I was wandering through Braithwaite's Beginnings of Quakerism last night when I found this brief description of religious combat:

This general knowledge of the Bible was now diffused, and accordingly when the era passed in which the State repressed schisms and sects, it was at once succeeded by an age of controversial warfare between conflicting opinions. Polemic replaced persecution, and its virulence was at least better than the fires of Smithfield.

In the keen doctrinal atmosphere of the time, a day's dispute in public between opposing combatants was the most delightful and improving of pastimes. A Puritan divine, for example, at Henley-in-Arden, would take up the cudgels against preaching without a call and argue his case with five private preachers - a nailer, a baker, a plough-wright, a weaver, and a baker's boy.

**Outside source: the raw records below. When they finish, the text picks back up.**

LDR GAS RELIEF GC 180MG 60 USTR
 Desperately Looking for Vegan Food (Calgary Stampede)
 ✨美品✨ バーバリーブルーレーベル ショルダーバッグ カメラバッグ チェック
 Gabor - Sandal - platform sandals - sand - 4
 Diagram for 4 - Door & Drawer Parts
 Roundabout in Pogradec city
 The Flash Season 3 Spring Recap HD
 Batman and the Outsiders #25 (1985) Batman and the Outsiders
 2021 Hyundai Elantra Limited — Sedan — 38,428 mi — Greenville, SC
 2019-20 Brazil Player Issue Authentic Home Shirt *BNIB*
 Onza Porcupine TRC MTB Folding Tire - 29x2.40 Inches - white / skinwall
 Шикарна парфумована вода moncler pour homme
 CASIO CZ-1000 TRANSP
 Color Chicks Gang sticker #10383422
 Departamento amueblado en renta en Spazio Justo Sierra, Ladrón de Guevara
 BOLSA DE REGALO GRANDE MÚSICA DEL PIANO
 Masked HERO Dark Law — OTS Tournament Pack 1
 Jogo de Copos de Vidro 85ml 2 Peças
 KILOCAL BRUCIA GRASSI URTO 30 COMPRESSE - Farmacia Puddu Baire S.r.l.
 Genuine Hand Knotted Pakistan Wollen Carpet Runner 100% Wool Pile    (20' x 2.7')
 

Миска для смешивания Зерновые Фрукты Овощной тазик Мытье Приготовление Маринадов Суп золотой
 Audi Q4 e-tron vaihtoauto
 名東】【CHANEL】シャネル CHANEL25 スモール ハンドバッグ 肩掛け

When Thomas Taylor, who afterwards became a Friend, disputed at Kendal in 1650 on the subject of infant-baptism in the parish church against three other ministers, and had got the better of them, his hearers ran up Kendal Street crying "Mr. Taylor hath got the day! Mr. Taylor hath got the day!" with an enthusiasm now reserved for the result of a game of football. (17-18)

Christopher Hill's The World Turned Upside Down presents similar stories. Braithwaite is right that times have changed. The explosion of religious interest in England (and its former colonies) burst out, eventually created a new tolerant world, and then faded back.

Religious discussion continues, of course, but public combat? Could it find a similar audience today?


Such "public combat" does take place on-line, including in the Quaker blogging world. (See for example this ongoing "combat", in which I am (alas!) deeply entangled, at Zach Alexander's blog site.)

When I was young such "combats" happened a lot in college dormitory "bull sessions", but I don't know whether they still happen there to the same extent today. I get the impression that not all generations of college students are equally alive to the Big Questions, or are equally willing to entertain new ideas about them.